WANdisco Announces Support for In-Memory Data Processing Technologies, Spark and Shark
San Jose (Hadoop Summit, Booth 50), CA – June 26, 2013 - WANdisco (LSE: WAND), a provider of high-availability software for global enterprises to meet the challenges of Big Data and distributed software development, today announced a technology preview of the Spark application and its associated data warehousing system Shark available as an add-on to WANdisco Distro 3.6.
Spark offers significant new computation model capabilities and performance enhancements compared to MapReduce by utilizing in-memory data storage to perform fast iterative queries. In initial testing, Spark has delivered speeds up to 100 times faster than MapReduce. Spark is capable of reading and writing to any Hadoop-supported filesystem.
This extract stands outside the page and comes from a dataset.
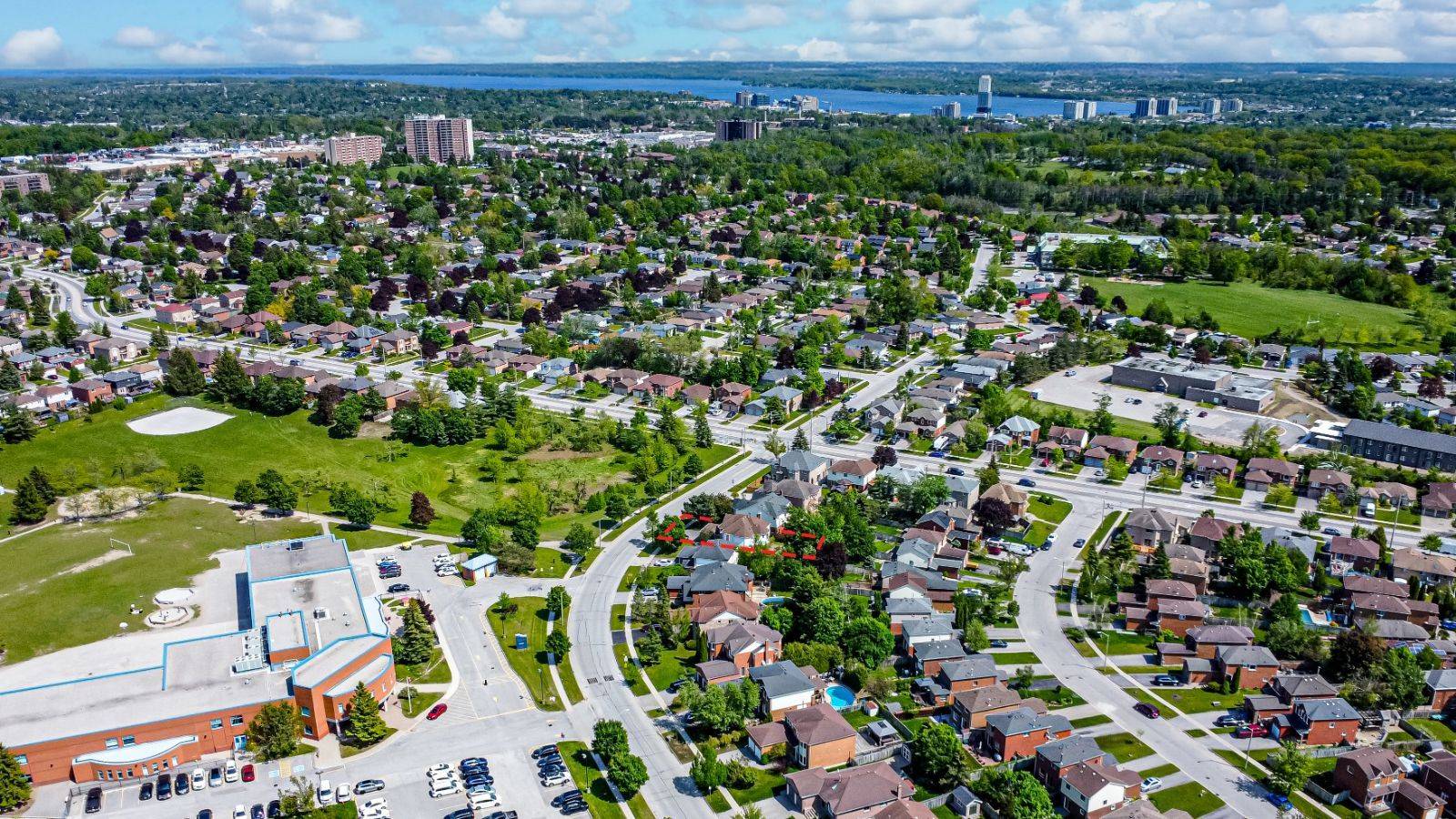 Barrie, ON L4N 7J4,36 Ford ST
Shark, which is designed for compatibility with existing Apache Hive, is a large-scale data warehousing system that runs on Spark. Shark addresses Hive limitations without the need for additional development by supporting standard SQL, Hive’s query language (HiveQL), metastore, serialization formats, and user-defined functions. Shark also allows users to cache their data sets in-memory, enabling increased efficiency while providing maximum performance.
"Spark and Shark represent the next leap forward in data processing performance," said David Richards, CEO of WANdisco. "With this technology preview, users will be able to vastly improve the efficiency of their existing Hadoop deployments without the need for additional configuration or expenditure."
Development of Spark for YARN is still in progress and will be made available as soon as it has undergone further quality assurance testing.
"WANdisco is showing strong support of Spark and Shark," said Ion Stoica, co-director, of AMPlab of UC Berkeley Electrical Engineering and Computer Sciences, where Spark, Shark and Mesos have been developed. "This helps to validate the technology in the marketplace and reduces data analysis time, allowing businesses to bring interactive data analytics into Big Data space."
Spark will be available for free download with WDD in 30 to 60 days.